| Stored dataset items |

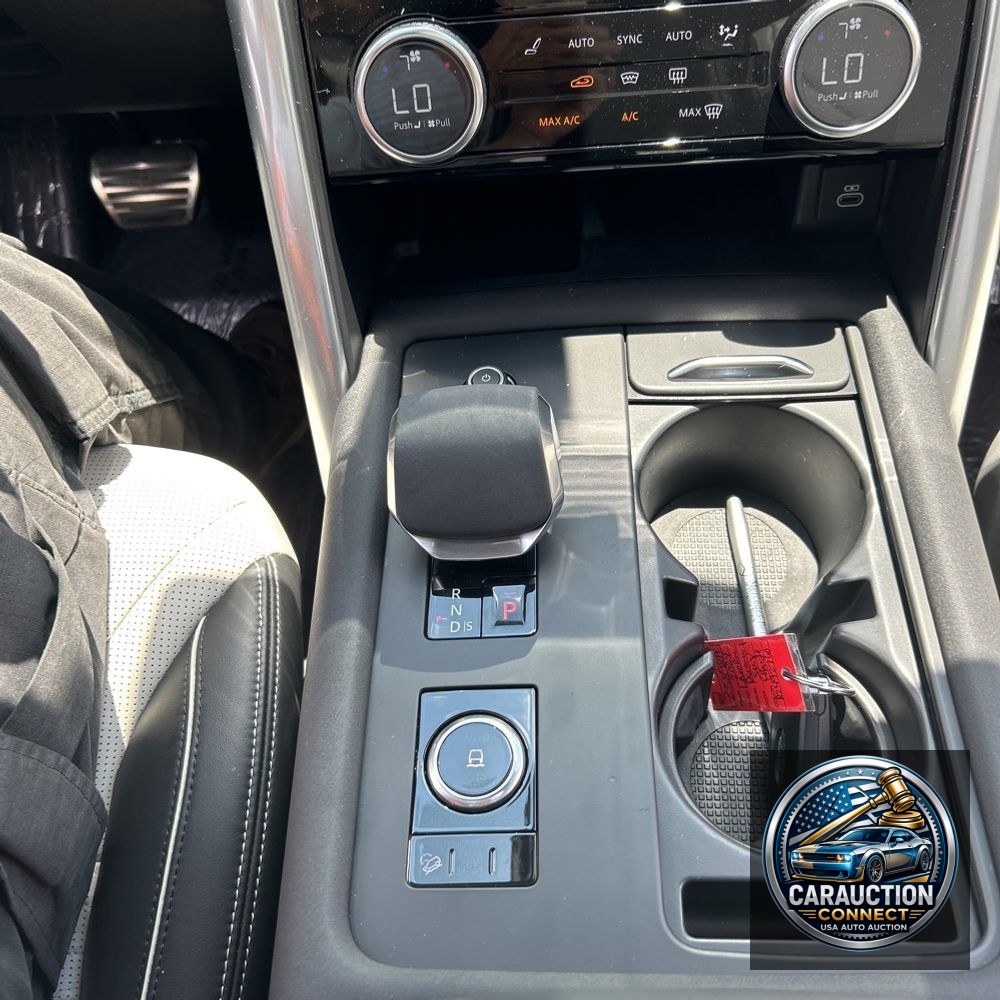 2024 Land Rover Discovery P360 Metropolitan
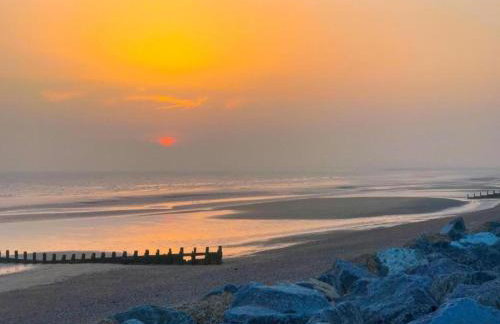 Charming Cottage in Romney Marsh Britain with Wooden Deck - Photo 6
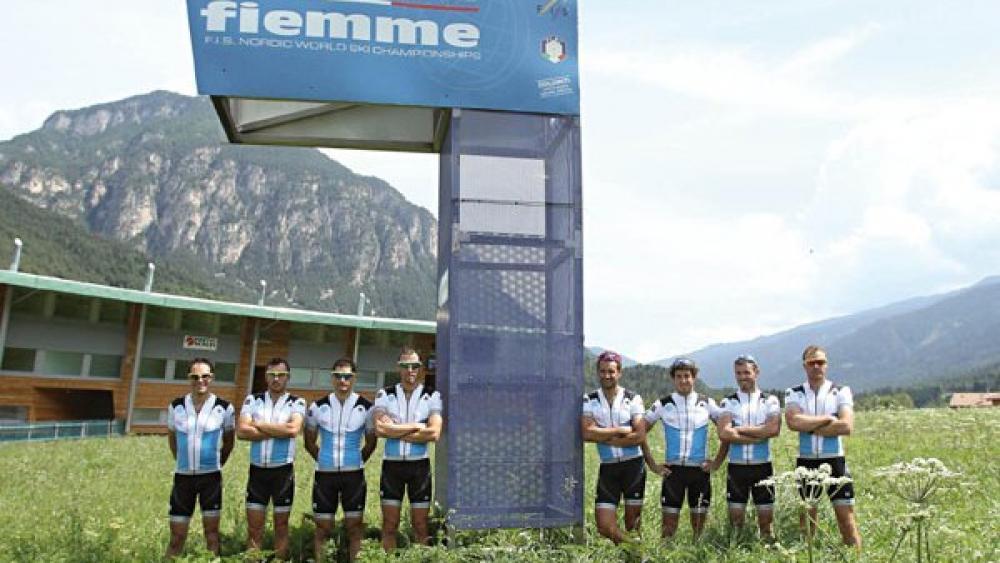 Die Langläufer radelten gestern in Richtung Fleimstal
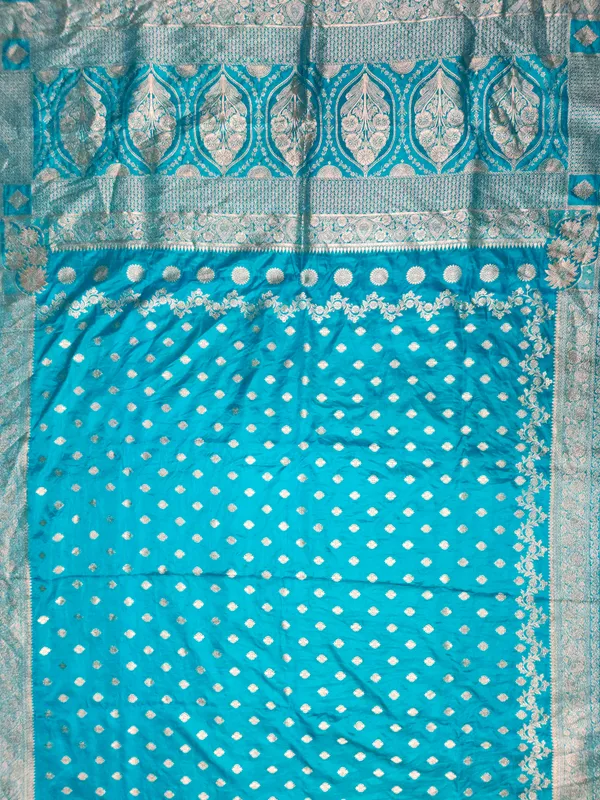 Blue_Silk_Traditional_Saree_for_Women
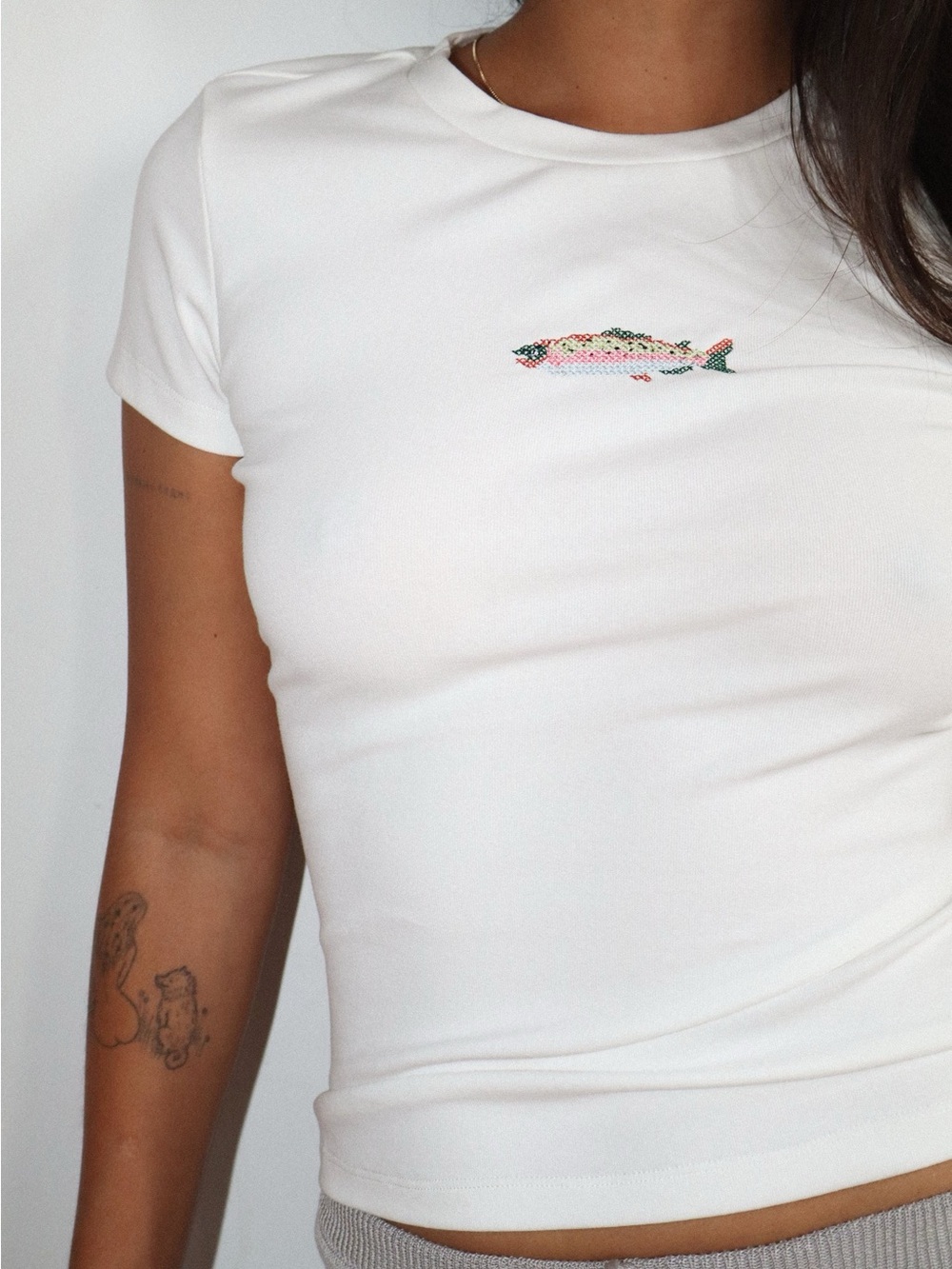 Bailey Rose White Fish Embroidered Fish Tee White S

| PROMPT |
If an entry holds an image, omit that image and print the remainder exactly as it stands.

| RESPONSE AREA |
 2024 Land Rover Discovery P360 Metropolitan
 Charming Cottage in Romney Marsh Britain with Wooden Deck - Photo 6
 Die Langläufer radelten gestern in Richtung Fleimstal
 Blue_Silk_Traditional_Saree_for_Women
 Bailey Rose White Fish Embroidered Fish Tee White S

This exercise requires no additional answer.